"I’m advocating 6 percent inflation for at least a couple of years," says Rogoff, 56, who’s now a professor at Harvard University. "It would ameliorate the debt bomb and help us work through the deleveraging process."
Given the Fed’s inability to cut rates further, Mankiw says the central bank should pledge to produce "significant" inflation. That would put the real, inflation-adjusted interest rate -- the cost of borrowing minus the rate of inflation -- deep into negative territory, even though the nominal rate would still be zero.
If Americans were convinced of the Fed’s commitment, they’d buy and borrow more now, he says.
Mankiw, currently a Harvard professor, declines to put a number on what inflation rate the Fed should shoot for, saying that the central bank has computer models that would be useful for determining that.
In advocating that the Fed commit itself to generating some inflation, Mankiw, 51, likens such a step to the U.S. decision to abandon the gold standard in 1933, which freed policy makers to fight the Depression.
Faster inflation might be preferable to increased unemployment, or to further budget stimulus packages that push up the national debt, says Mankiw, who was chairman of the Council of Economic Advisors under President George W. Bush.

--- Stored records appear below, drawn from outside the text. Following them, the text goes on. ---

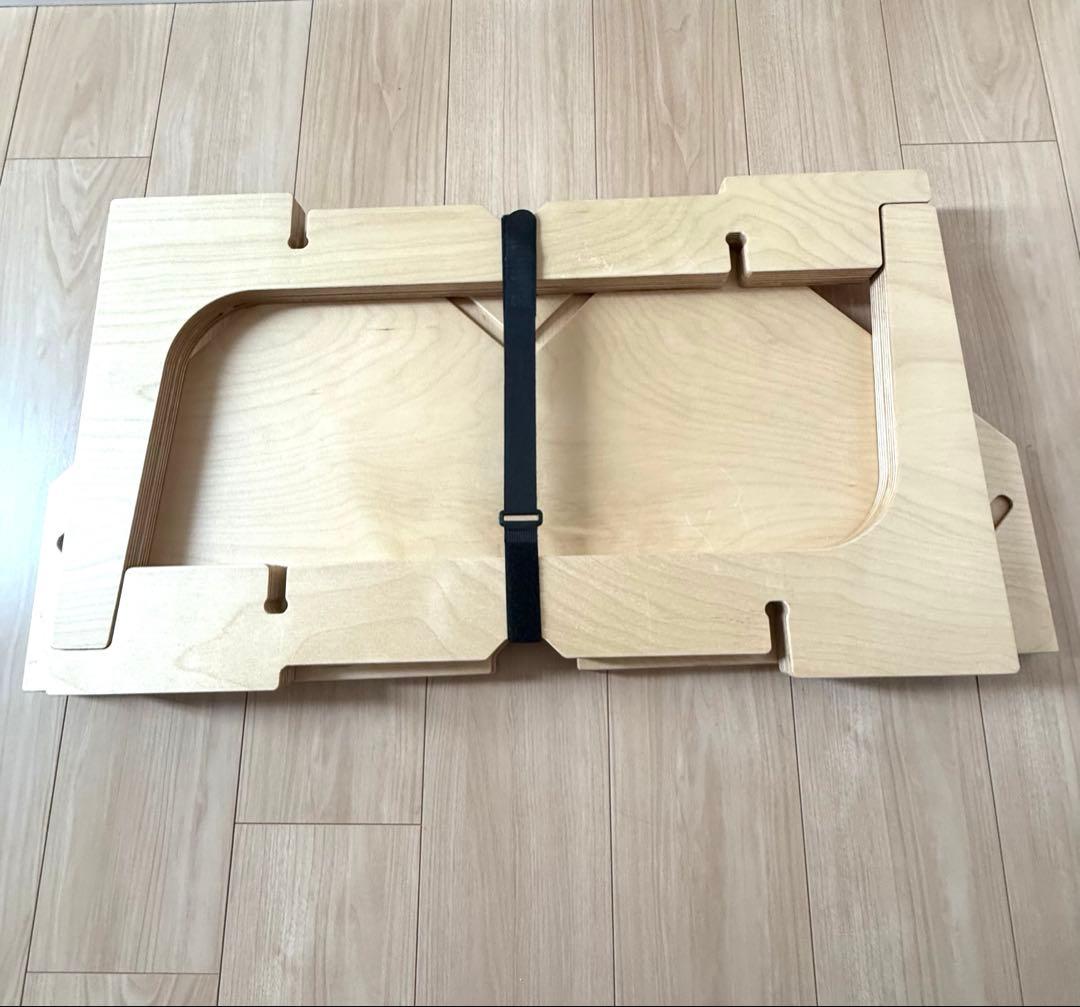 アウトドア　豆炭こたつ　SO9 エスオーナイン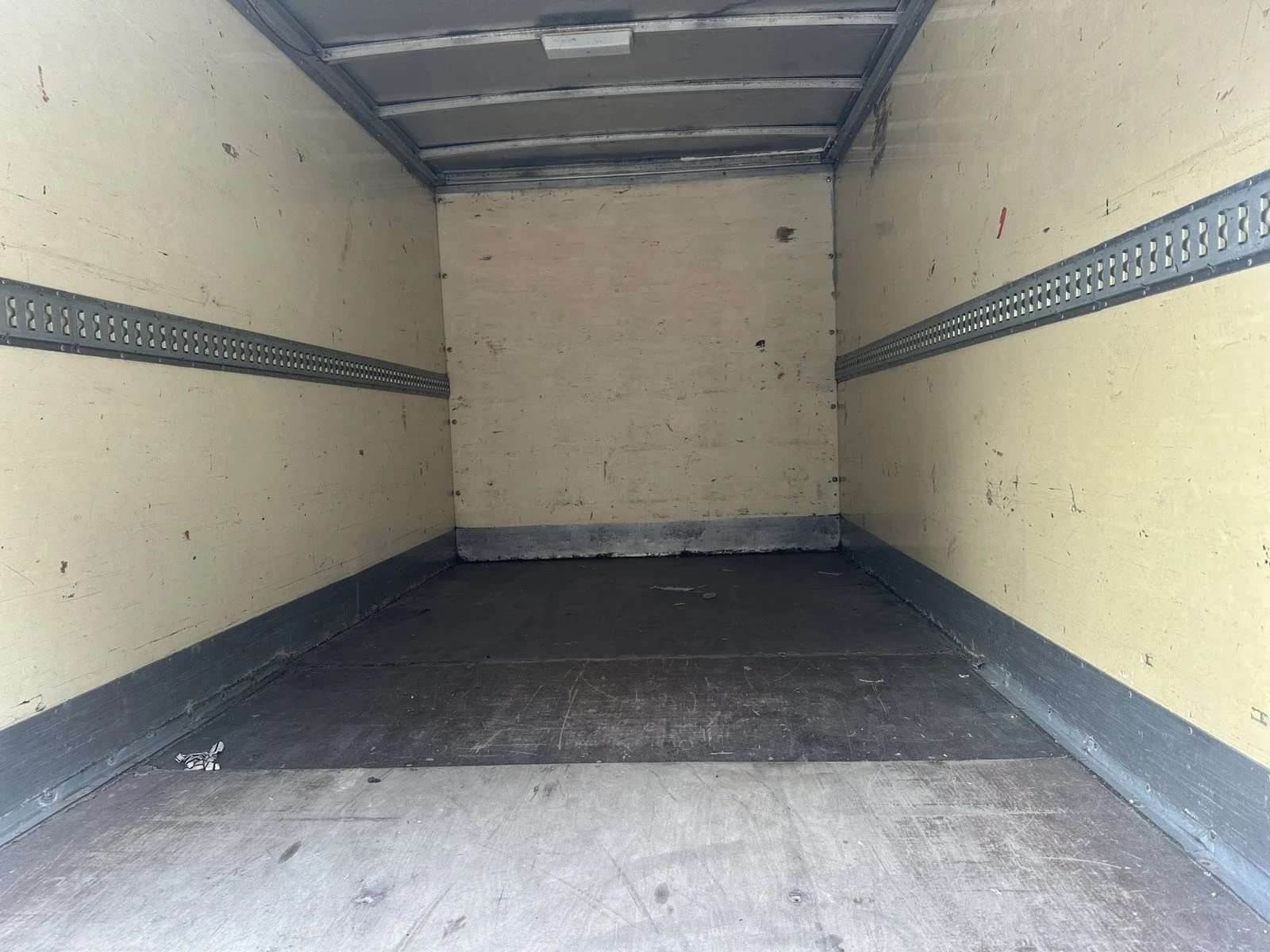 Iveco 80 ML80 E18 Падащ борд/Обслужен, снимка 6 - Камиони - 56334531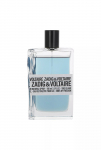 Testri Zadig & Voltaire This is Him! Vibes of Freedom EdT 100ml
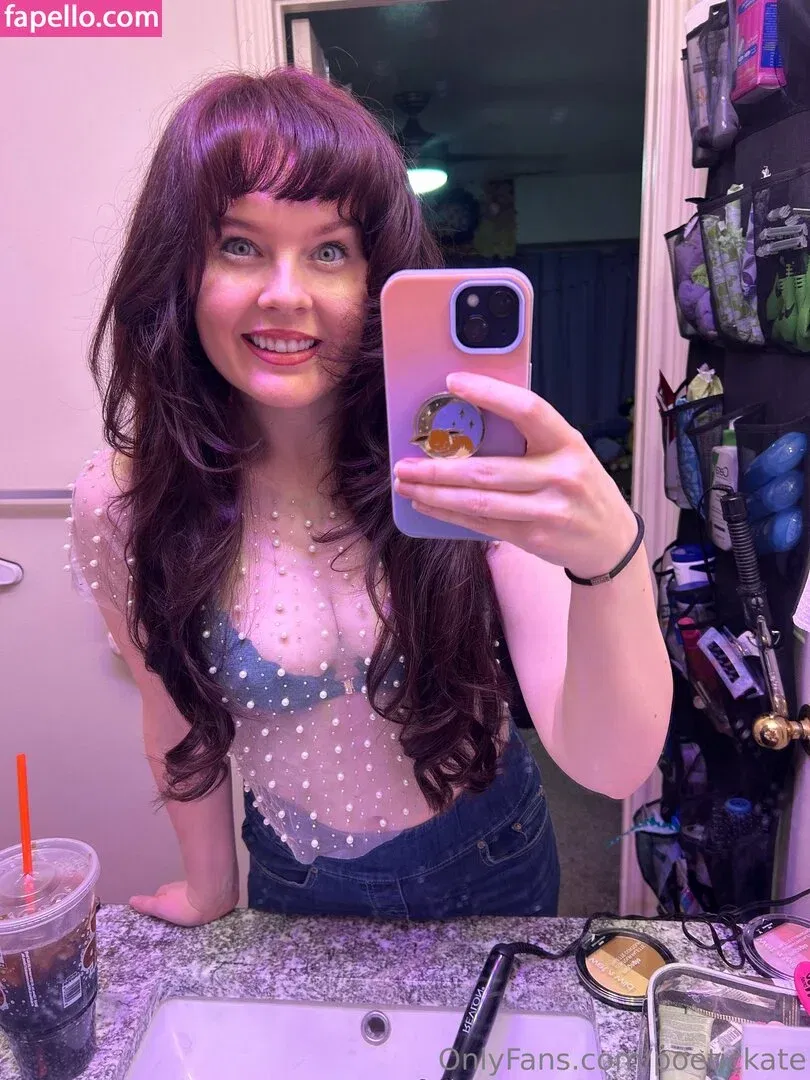 Poetickate Onlyfans Photo Gallery 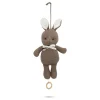 Bamse med musik – Kanin – Wood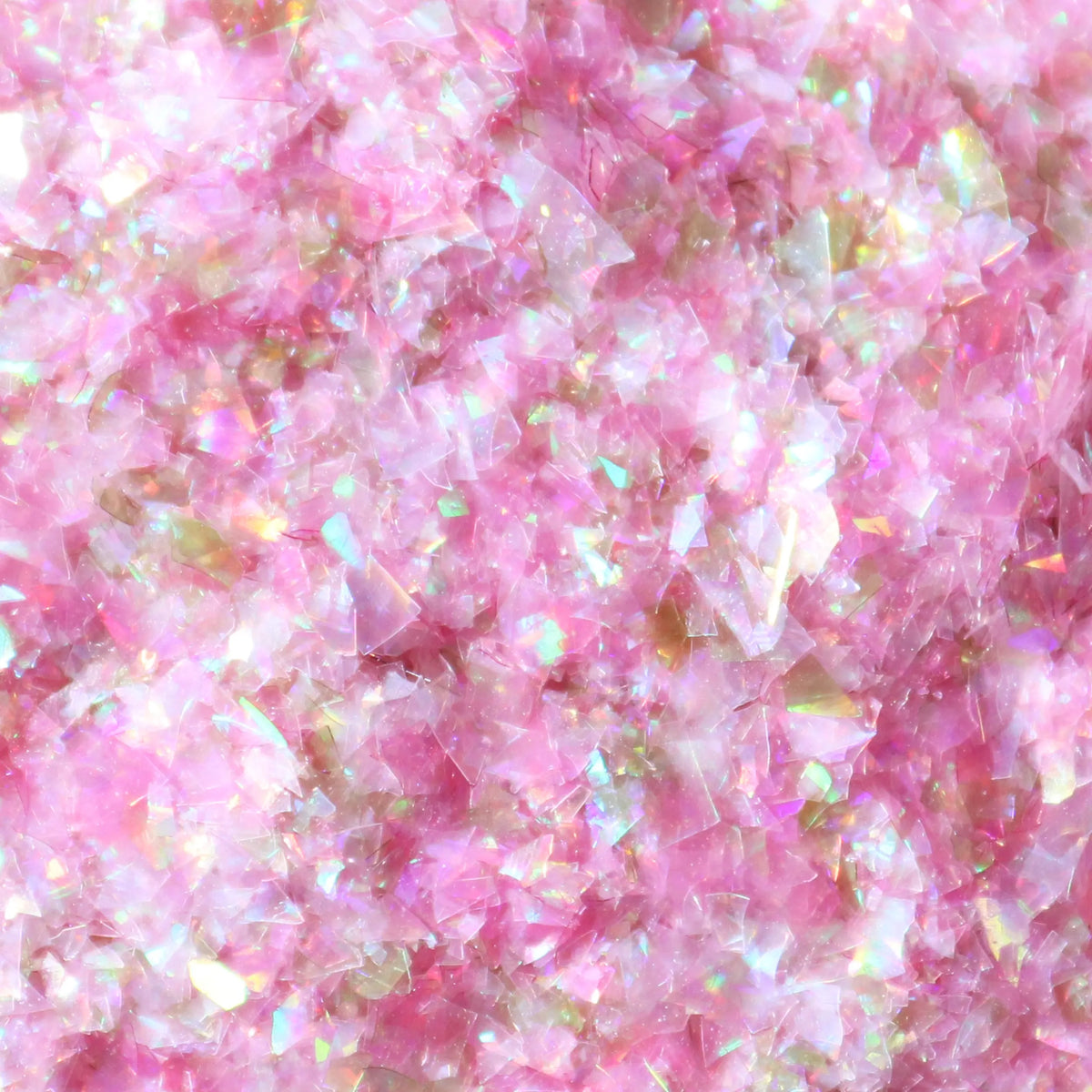 Paillettes en flocons irisées Fairy 3 g PME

The White House has forecast that the budget deficit will hit $1.84 trillion this fiscal year, or 12.9 percent of gross domestic product. Rogoff doubts that politicians will be willing to reduce that shortfall by raising taxes as much as needed. Instead, he sees them pressing the Fed to accept faster inflation as a way of easing the burden of reducing the deficit.
Easier Debt Repayment
Inflationary increases in wages -- and the higher income taxes they generate -- would make it easier to pay off debt at all levels.
"There’s trillions of dollars of debt, in mortgage debt, consumer debt, government debt," says Rogoff, who was chief economist at the Washington-based IMF from 2001 to 2003. "It’s a question of how do you achieve the deleveraging. Do you go through a long period of slow growth, high savings and many legal problems or do you accept higher inflation?"